"Mein Prosec und Thomas Mann"
In den 30er Jahren ist der Name eines ostböhmischen Städtchens um die Welt geflogen: Prosec. Gerade diese Stadt hat damals den Schriftstellern Thomas und Heinrich Mann das Heimatrecht erteilt, als sie sich auf der Flucht vor Hitler-Deutschland befanden. Mehr hören Sie dem folgenden Beitrag von Markéta Maurová.
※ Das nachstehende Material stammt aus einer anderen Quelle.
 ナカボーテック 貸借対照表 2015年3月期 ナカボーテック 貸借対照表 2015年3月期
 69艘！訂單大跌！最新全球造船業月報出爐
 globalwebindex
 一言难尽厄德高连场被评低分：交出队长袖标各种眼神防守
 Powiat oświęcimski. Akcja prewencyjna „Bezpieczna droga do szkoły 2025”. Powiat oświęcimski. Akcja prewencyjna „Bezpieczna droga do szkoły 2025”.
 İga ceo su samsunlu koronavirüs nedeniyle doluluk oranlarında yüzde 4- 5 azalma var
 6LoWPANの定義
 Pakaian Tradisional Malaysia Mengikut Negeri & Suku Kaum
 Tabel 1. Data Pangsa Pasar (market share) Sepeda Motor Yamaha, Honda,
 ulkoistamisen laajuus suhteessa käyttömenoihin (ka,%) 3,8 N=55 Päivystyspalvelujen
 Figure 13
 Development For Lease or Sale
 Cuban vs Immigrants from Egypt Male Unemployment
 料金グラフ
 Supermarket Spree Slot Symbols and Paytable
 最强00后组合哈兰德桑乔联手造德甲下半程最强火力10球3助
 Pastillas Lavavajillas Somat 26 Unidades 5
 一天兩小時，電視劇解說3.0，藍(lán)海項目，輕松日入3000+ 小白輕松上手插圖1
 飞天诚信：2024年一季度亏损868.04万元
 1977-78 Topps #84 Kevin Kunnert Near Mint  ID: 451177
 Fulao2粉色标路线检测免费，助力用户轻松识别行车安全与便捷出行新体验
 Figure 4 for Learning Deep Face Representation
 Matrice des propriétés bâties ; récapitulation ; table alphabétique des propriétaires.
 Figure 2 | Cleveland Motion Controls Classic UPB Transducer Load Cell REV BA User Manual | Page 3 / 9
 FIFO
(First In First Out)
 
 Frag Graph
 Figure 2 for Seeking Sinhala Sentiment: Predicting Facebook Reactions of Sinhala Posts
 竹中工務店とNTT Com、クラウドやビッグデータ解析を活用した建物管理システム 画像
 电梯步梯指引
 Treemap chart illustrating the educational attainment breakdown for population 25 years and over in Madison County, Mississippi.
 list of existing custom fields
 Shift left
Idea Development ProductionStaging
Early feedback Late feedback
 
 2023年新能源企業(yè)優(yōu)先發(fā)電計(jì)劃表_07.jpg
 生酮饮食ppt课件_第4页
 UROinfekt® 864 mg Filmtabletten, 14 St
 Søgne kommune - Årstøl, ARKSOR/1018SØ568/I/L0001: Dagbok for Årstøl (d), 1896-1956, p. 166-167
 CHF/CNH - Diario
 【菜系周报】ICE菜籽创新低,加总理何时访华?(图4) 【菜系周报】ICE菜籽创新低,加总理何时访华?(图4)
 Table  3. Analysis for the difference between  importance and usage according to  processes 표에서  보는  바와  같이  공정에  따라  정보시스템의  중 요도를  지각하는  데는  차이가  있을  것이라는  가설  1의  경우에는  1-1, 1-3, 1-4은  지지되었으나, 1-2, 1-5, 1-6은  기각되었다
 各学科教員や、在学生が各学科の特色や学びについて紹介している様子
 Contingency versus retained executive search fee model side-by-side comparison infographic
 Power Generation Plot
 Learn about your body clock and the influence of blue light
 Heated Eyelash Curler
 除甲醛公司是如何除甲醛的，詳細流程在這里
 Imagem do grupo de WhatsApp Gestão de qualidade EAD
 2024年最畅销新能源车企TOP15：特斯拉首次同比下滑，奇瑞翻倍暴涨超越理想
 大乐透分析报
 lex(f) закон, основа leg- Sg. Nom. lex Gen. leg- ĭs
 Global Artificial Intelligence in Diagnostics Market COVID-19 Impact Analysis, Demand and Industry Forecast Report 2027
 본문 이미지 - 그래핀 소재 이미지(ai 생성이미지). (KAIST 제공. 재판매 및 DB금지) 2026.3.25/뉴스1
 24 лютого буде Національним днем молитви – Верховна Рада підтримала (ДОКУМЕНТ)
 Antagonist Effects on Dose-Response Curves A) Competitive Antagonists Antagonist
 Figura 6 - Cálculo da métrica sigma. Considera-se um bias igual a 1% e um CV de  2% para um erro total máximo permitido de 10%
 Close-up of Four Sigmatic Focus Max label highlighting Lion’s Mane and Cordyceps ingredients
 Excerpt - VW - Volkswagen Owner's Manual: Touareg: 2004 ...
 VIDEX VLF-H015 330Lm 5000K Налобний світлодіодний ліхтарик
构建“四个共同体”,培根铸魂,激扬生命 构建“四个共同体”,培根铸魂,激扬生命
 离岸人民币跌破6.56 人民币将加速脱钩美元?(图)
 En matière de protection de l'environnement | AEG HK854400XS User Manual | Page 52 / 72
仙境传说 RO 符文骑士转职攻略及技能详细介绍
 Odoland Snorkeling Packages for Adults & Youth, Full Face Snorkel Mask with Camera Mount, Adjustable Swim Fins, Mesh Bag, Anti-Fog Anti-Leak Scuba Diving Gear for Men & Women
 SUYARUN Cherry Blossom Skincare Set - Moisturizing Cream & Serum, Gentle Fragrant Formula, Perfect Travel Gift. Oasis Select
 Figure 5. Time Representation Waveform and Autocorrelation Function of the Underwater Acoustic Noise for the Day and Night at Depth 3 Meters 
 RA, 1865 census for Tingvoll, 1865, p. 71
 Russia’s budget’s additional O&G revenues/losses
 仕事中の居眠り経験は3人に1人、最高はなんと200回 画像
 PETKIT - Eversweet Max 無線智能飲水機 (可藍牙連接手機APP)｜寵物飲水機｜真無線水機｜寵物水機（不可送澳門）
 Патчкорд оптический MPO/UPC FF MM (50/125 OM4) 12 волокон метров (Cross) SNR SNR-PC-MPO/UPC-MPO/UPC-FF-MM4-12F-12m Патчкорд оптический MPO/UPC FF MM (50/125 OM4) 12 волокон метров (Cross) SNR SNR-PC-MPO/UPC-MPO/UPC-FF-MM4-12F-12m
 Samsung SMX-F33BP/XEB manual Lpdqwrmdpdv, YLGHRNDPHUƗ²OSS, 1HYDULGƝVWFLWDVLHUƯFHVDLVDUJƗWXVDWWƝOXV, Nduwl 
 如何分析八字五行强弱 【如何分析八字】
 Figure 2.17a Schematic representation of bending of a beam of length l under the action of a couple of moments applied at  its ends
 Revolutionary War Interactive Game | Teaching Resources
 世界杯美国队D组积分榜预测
"Mein Prosec und Thomas Mann" heißt ein kleines Memoirenbuch, das dieser Tage im Buchverlag Trinitas erscheint. Seine Autoren sind der 90jährige Arzt aus Prosec, Vaclav Vojtech Tosovsky, und die Editorin Marie Rut Krizkova. Doktor Tosovsky erinnert sich darin an seine Geburtstadt, die in der zweiten Hälfte der 30er Jahre den Brüdern Mann Zuflucht bot. Ohne das Domizilrecht in einer tschechoslowakischen Gemeinde hätten sie die tschechoslowakische Staatsbürgerschaft nicht erhalten können, die für sie nach der Flucht aus Deutschland die Rettung bedeutete. Warum gerade Prosec, fragte ich die Literaturhistorikerin Marie Rut Krizkova? "In Prosec lebte Bernard Kosiner, ein Mitarbeiter und der erste Theoretiker des Tschechoslowakischen Rundfunks, der Freunde in Prag hatte: Jaroslav Jezek und Professor Kozak. Diese pflegten nach Prosec zu fahren und machten sich dort mit Kosiners Schwager Rudolf Fleischmann bekannt. Sie informierten Fleischmann, dass die Brüder Mann Hilfe brauchen und verabredeten alles mit ihm. Rudolf Fleischmann war die wichtigste Person, die den Bürgermeister und den Stadtrat von Prosec überzeugte, Thomas Mann das Domizil zu erteilen."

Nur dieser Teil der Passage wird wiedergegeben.